Covid-19 : les établissements scolaires d'Occitanie sous très haute tension

Les écoles et collèges de la région Occitanie, particulièrement dans les départements des Pyrénées-Orientales et de l'Hérault, font face à une situation de crise sanitaire sans précédent. La flambée des cas de contamination au variant Omicron a entraîné la fermeture de centaines de classes, créant une tension extrême sur le système éducatif local.

Des chiffres qui doublent en quinze jours

Les derniers chiffres communiqués par l'académie de Montpellier sont alarmants. Au jeudi 27 janvier, on dénombrait 971 classes fermées, 1 267 personnels et 21 184 élèves contaminés par le Covid-19. Ces données représentent un doublement par rapport à deux semaines auparavant, où seulement 487 classes, 689 personnels et 10 969 élèves étaient touchés.

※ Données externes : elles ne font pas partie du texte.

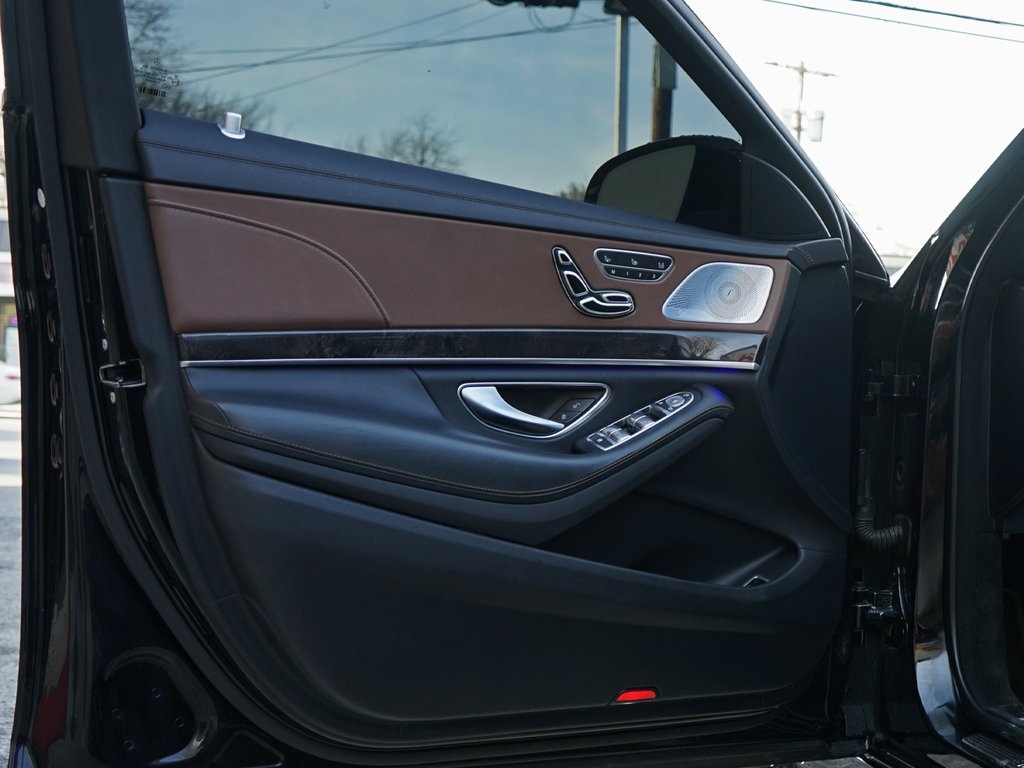 2019 Mercedes Benz S 560 photo 4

La situation est particulièrement préoccupante dans le premier degré, où de nombreuses classes se retrouvent clairsemées ou tout simplement fermées. Malgré cette vague de contaminations, seulement trois établissements scolaires ont dû fermer complètement leurs portes, témoignant des efforts déployés pour maintenir l'enseignement en présentiel.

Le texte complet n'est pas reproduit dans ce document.